### EXERCISE DATA
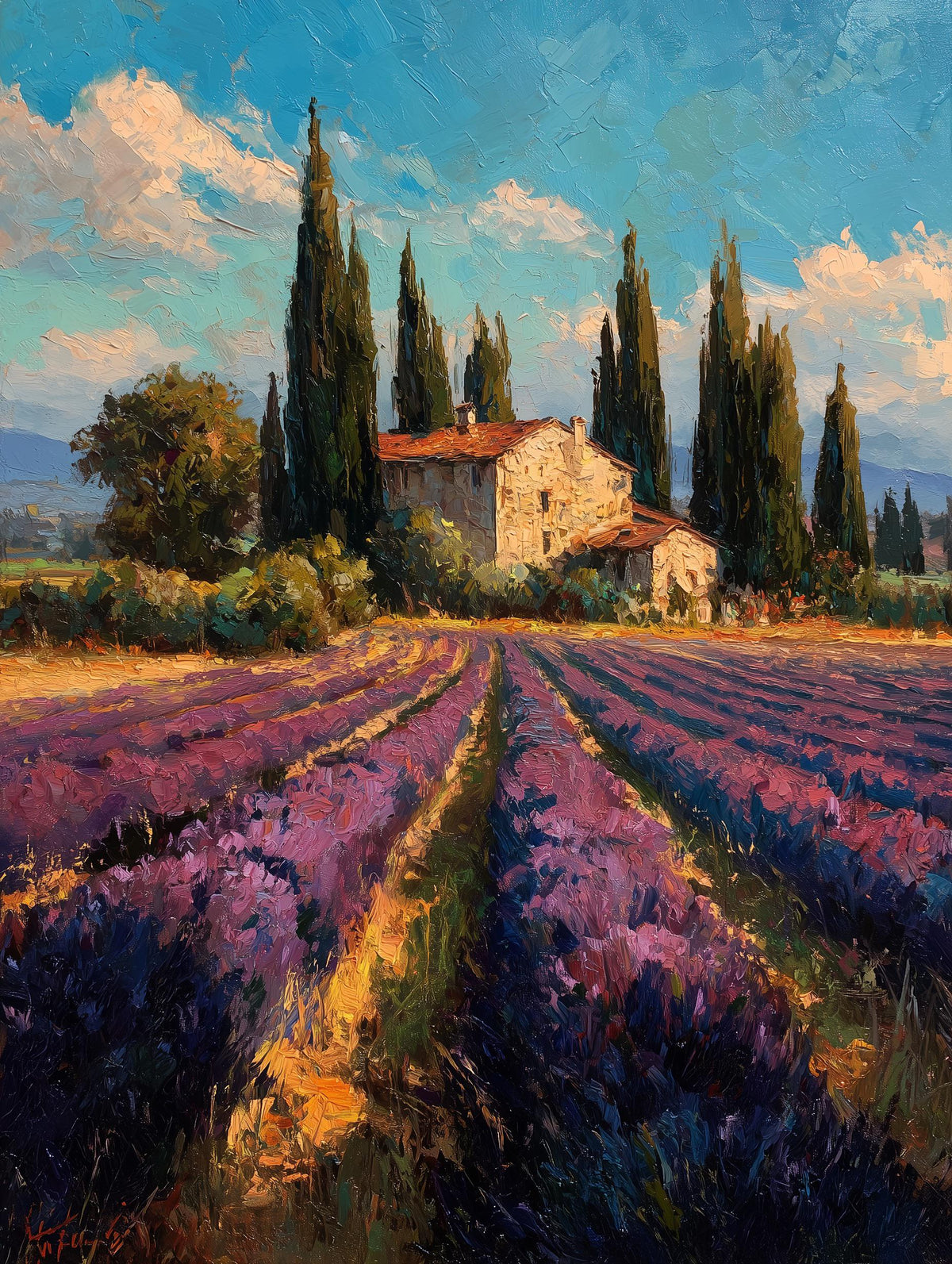 French countryside oil painting with a stone farmhouse in golden light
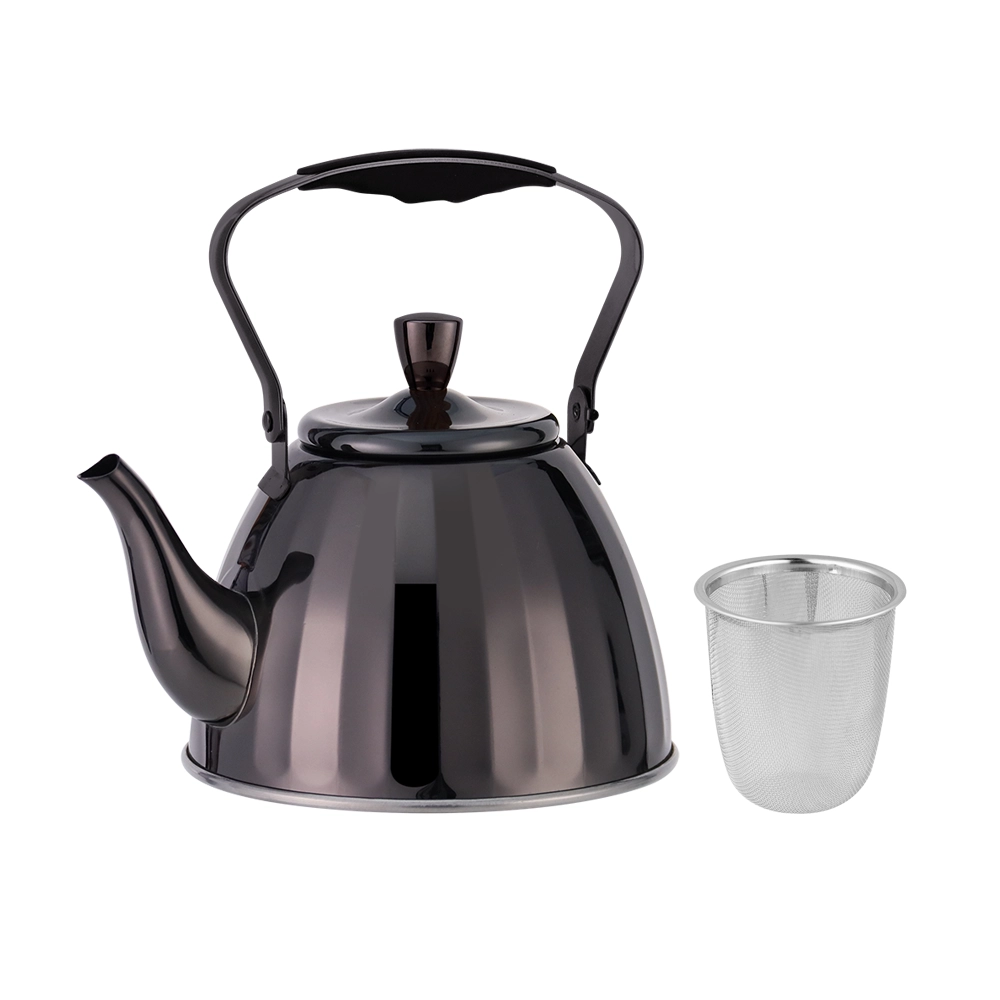 Black 1.6qt Stainless Steel Kettle With Tea Infuser
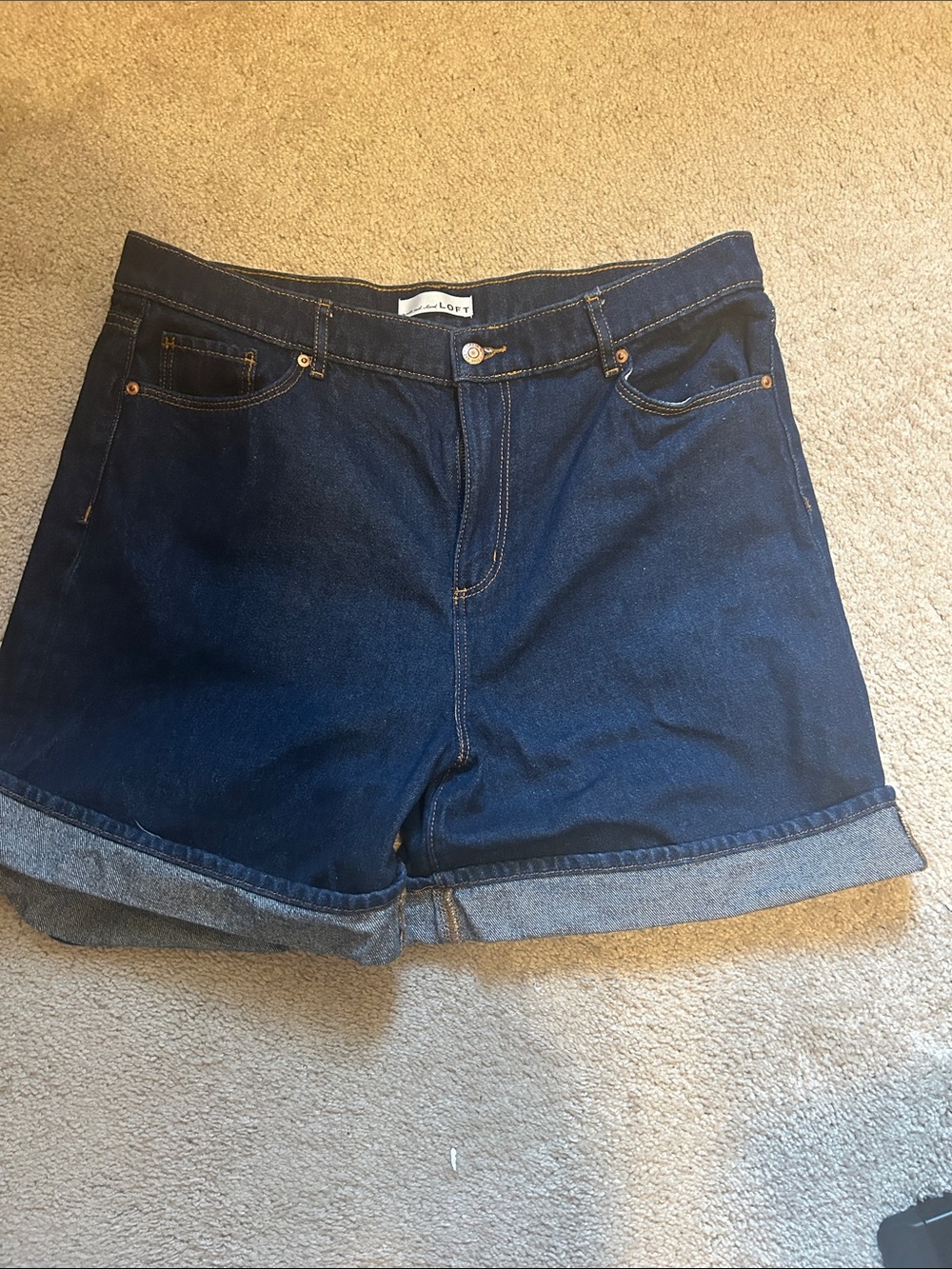 LOFT Dark Blue Denim High Waist Roll Cuff Jean Shorts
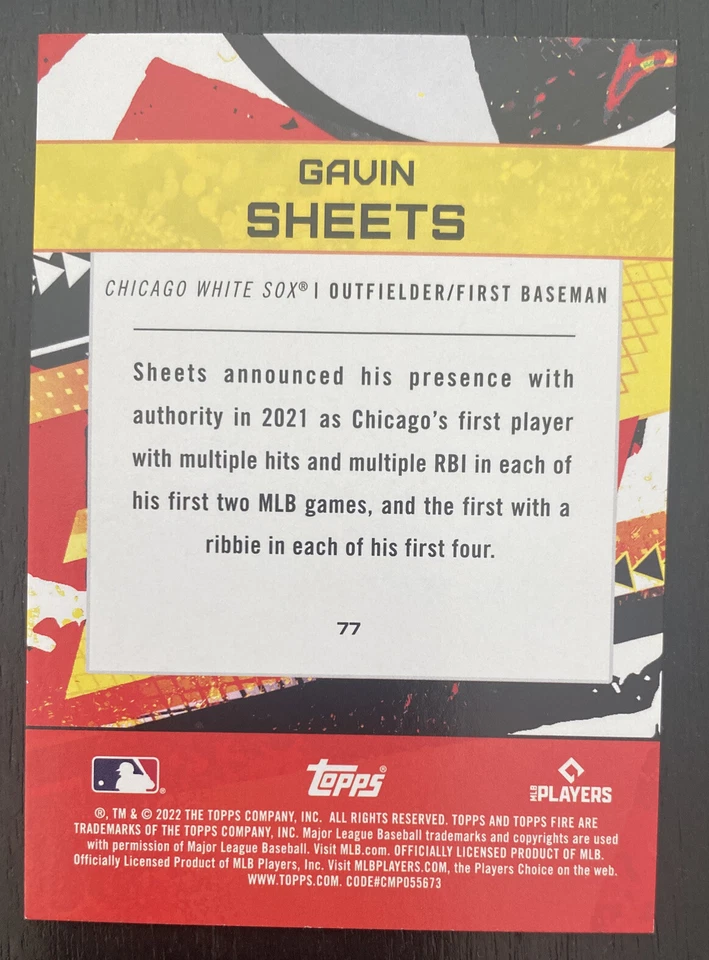 2022 Gavin Sheets Topps Fire Flame Red RC Rookie Card Chicago White Sox #77 - Image 2 of 2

### PROBLEM
The required output is every line from the one containing "LOFT Dark Blue" through the last line of the data above, restated exactly and without pictures.

### RESULT FOR THIS EXERCISE
 LOFT Dark Blue Denim High Waist Roll Cuff Jean Shorts
 2022 Gavin Sheets Topps Fire Flame Red RC Rookie Card Chicago White Sox #77 - Image 2 of 2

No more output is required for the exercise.